Description
A protocol or its implementation supports interaction between multiple actors and allows those actors to negotiate which algorithm should be used as a protection mechanism such as encryption or authentication, but it does not select the strongest algorithm that is available to both parties.
When a security mechanism can be forced to downgrade to use a less secure algorithm, this can make it easier for attackers to compromise the product by exploiting weaker algorithm. The victim might not be aware that the less secure algorithm is being used. For example, if an attacker can force a communications channel to use cleartext instead of strongly-encrypted data, then the attacker could read the channel by sniffing, instead of going through extra effort of trying to decrypt the data using brute force techniques.
Potential Impact
Access Control
Bypass Protection Mechanism
Detection Methods
- Automated Static Analysis High — Automated static analysis, commonly referred to as Static Application Security Testing (SAST), can find some instances of this weakness by analyzing source code (or binary/compiled code) without having to execute it. Typically, this is done by building a model of data flow and control flow, then sea
Real-World CVE Examples
| CVE ID | Description |
|---|---|
| CVE-2006-4302 | Attacker can select an older version of the software to exploit its vulnerabilities. |
| CVE-2006-4407 | Improper prioritization of encryption ciphers during negotiation leads to use of a weaker cipher. |
| CVE-2005-2969 | chain: SSL/TLS implementation disables a verification step (CWE-325) that enables a downgrade attack to a weaker protocol. |
| CVE-2001-1444 | Telnet protocol implementation allows downgrade to weaker authentication and encryption using an Adversary-in-the-Middle AITM attack. |
| CVE-2002-1646 | SSH server implementation allows override of configuration setting to use weaker authentication schemes. This may be a composite with CWE-642. |
Related Weaknesses
Frequently Asked Questions
What is CWE-757?
CWE-757 (Selection of Less-Secure Algorithm During Negotiation ('Algorithm Downgrade')) is a software weakness identified by MITRE's Common Weakness Enumeration.
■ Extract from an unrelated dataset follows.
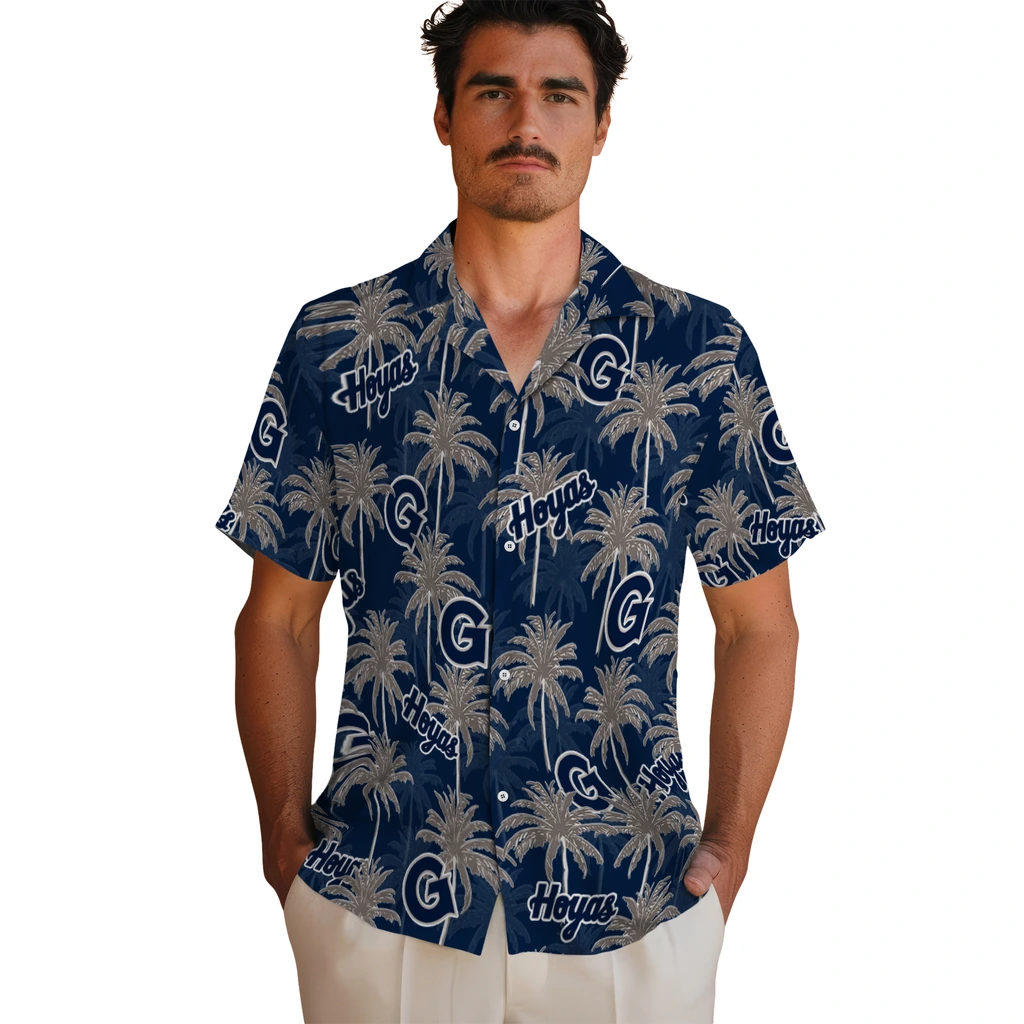 Georgetown Hoyas Hawaiian Shirt - Palm Tree Motif georgetown hoyas palm grove blue hawaiian shirts fashion forward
It is classified as a Base-level weakness. A protocol or its implementation supports interaction between multiple actors and allows those actors to negotiate which algorithm should be used as a protection mechanism such as encryption or authen...
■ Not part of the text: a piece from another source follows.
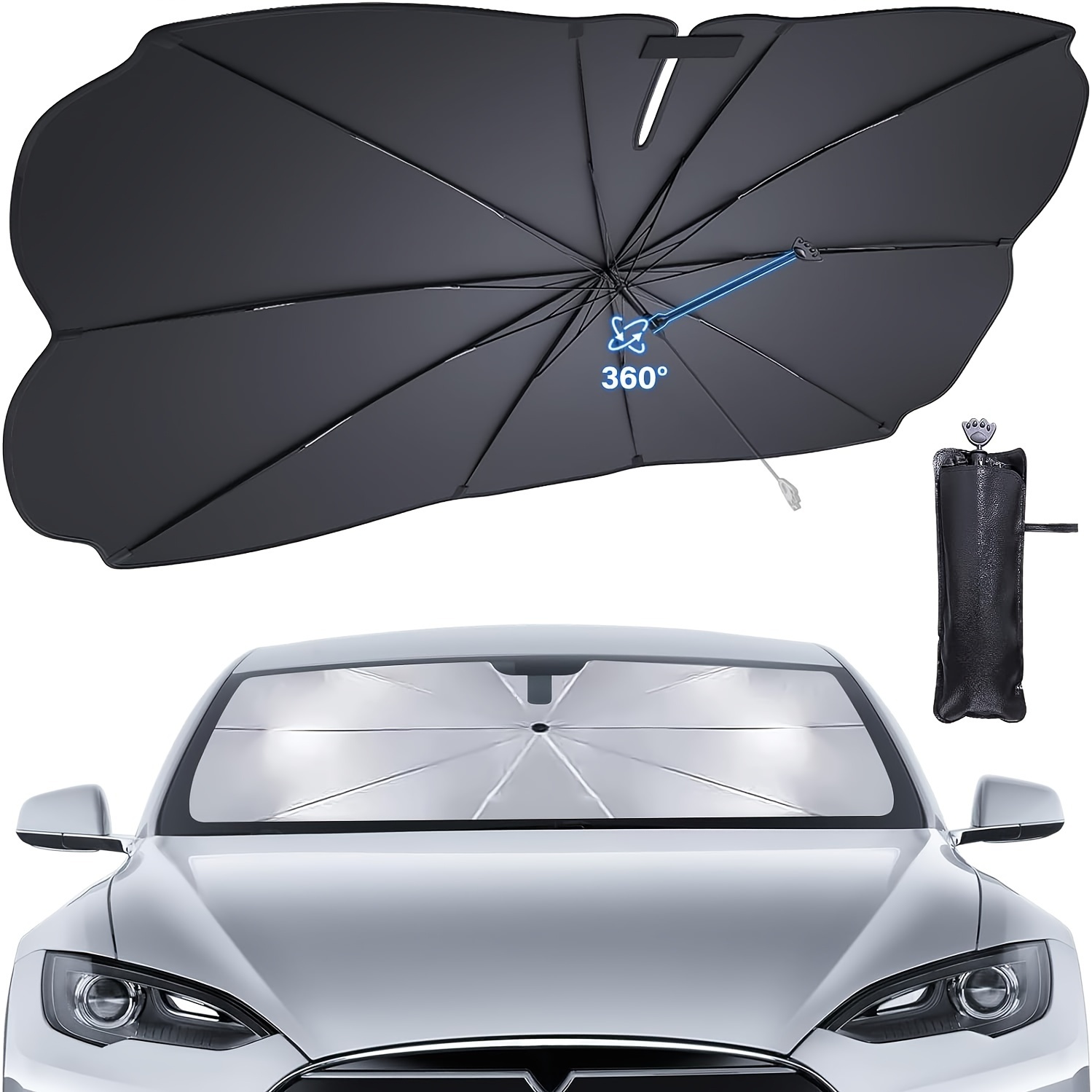 

Suitable For Tesla Model 3/3+/y Car Front Windshield Sunshade Umbrella With Thickened Sunshade Material Sunshade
How can CWE-757 be exploited?
Attackers can exploit CWE-757 (Selection of Less-Secure Algorithm During Negotiation ('Algorithm Downgrade')) to bypass protection mechanism. This weakness is typically introduced during the Architecture and Design phase of software development.
How do I prevent CWE-757?
Follow secure coding practices, conduct code reviews, and use automated security testing tools (SAST/DAST) to detect this weakness early in the development lifecycle.
What is the severity of CWE-757?
CWE-757 is classified as a Base-level weakness (Medium abstraction). It has been observed in 5 real-world CVEs.